This business case outlines the development of an NLP model to automate the processing of customer feedback for a retail company. The goal is to classify customer reviews into positive, negative, or neutral categories to help the company improve its products and services. The second part is to GenerativeAI to summarize reviews broken down into review score (0-5), and broken down into product categories - if the categories are too many to handle, select a top-K categories. Create a clickable and dynamic visualization dashboard using a tool like Tableau, Plotly, or any of your choice.
The company receives thousands of text reviews every month, making it challenging to manually categorize and analyze, and visualize them. An automated system can save time, reduce costs, and provide real-time insights into customer sentiment.
- The ML/AI system should be able to run classification of customers' reviews (the textual content of the reviews) into positive, neutral, or negative.
- For a product category, create a summary of all reviews broken down by each star or rating (we should have 5 of these).
- If your system can't handle all products categories, pick a number that you can work with (eg top 10, top 50, Etc)
- You may use the publicly available and downsized dataset of Amazon customer reviews from their online marketplace, such as the dataset found here.
- You also pick any product reviews datasets from here. Make sure your computing resources can handle both your dataset size and the machine learning processes you will follow.
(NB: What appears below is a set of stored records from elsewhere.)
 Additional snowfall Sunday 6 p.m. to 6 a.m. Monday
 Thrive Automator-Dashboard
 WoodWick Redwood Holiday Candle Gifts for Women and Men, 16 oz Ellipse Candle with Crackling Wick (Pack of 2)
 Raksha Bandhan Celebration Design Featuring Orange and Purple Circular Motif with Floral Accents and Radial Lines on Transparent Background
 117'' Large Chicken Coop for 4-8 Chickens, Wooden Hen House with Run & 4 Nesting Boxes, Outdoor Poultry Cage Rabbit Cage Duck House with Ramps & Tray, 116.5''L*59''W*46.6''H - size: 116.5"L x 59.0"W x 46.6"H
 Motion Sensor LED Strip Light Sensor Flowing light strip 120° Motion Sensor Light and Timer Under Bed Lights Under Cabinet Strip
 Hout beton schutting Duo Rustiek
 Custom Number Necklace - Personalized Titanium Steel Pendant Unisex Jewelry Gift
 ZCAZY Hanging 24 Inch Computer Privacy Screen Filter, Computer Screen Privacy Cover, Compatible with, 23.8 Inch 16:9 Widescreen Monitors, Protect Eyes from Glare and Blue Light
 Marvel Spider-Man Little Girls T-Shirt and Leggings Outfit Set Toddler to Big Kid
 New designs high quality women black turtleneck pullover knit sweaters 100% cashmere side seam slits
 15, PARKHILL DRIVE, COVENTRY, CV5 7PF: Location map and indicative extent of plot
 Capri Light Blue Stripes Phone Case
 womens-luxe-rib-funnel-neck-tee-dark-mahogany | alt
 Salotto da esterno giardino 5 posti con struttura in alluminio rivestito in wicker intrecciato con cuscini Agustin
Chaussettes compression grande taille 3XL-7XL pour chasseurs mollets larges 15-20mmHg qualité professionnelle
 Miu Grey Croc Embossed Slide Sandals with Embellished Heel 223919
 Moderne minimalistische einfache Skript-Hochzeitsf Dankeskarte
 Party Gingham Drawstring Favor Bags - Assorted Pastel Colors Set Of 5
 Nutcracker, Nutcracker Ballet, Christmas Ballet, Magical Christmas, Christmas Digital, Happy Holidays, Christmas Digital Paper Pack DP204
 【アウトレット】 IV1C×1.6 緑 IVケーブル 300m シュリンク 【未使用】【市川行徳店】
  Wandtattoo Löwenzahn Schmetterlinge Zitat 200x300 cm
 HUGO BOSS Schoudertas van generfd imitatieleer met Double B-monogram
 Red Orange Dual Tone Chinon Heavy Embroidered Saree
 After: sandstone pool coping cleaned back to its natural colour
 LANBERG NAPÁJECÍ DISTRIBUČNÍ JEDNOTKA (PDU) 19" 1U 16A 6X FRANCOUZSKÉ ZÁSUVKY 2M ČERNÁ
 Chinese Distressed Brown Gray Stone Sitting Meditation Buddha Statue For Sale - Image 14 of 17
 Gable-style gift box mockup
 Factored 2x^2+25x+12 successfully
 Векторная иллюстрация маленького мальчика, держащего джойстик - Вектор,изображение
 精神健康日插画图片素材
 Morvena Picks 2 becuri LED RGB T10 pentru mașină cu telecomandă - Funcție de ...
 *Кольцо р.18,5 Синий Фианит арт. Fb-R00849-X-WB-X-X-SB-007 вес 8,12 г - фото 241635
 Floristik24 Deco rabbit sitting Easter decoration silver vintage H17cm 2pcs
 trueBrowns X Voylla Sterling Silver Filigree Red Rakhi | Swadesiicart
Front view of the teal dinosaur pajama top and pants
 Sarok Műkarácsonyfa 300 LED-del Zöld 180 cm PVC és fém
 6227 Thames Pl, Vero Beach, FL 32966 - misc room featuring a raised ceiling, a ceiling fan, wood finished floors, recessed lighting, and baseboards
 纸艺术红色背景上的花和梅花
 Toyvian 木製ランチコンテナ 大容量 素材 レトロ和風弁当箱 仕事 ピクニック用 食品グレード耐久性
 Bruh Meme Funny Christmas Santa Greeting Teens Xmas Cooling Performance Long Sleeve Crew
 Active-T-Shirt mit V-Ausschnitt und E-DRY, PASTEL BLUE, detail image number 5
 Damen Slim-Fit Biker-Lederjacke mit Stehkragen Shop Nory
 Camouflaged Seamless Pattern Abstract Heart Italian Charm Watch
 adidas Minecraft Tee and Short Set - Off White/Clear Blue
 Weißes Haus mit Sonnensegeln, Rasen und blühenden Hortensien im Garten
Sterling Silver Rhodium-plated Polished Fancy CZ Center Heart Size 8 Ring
- Removed special characters, punctuation, and unnecessary whitespace from the text data.
- Converted text to lowercase to ensure consistency in word representations.
- Tokenized the text data to break it into individual words or tokens.
- Applied lemmatization to reduce words to their base or root form for better feature representation.
- Used techniques such as CountVectorizer or TF-IDF Vectorizer to convert text data into numerical vectors.
- Created a document-term matrix representing the frequency of words in the corpus.
- Explored different machine learning algorithms for text classification, including:
- Naive Bayes
- Logistic Regression
- Support Vector Machines
- Random Forest
- Evaluated each algorithm's performance using cross-validation and grid search for hyperparameter tuning.
- Selected the best-performing algorithm based on evaluation metrics such as accuracy, precision, recall, and F1-score.
- Trained the selected model on the preprocessed text data.
- Evaluated the model's performance on a separate test dataset using various evaluation metrics:
- Accuracy: Percentage of correctly classified instances.
- Precision: Proportion of true positive predictions among all positive predictions.
- Recall: Proportion of true positive predictions among all actual positive instances.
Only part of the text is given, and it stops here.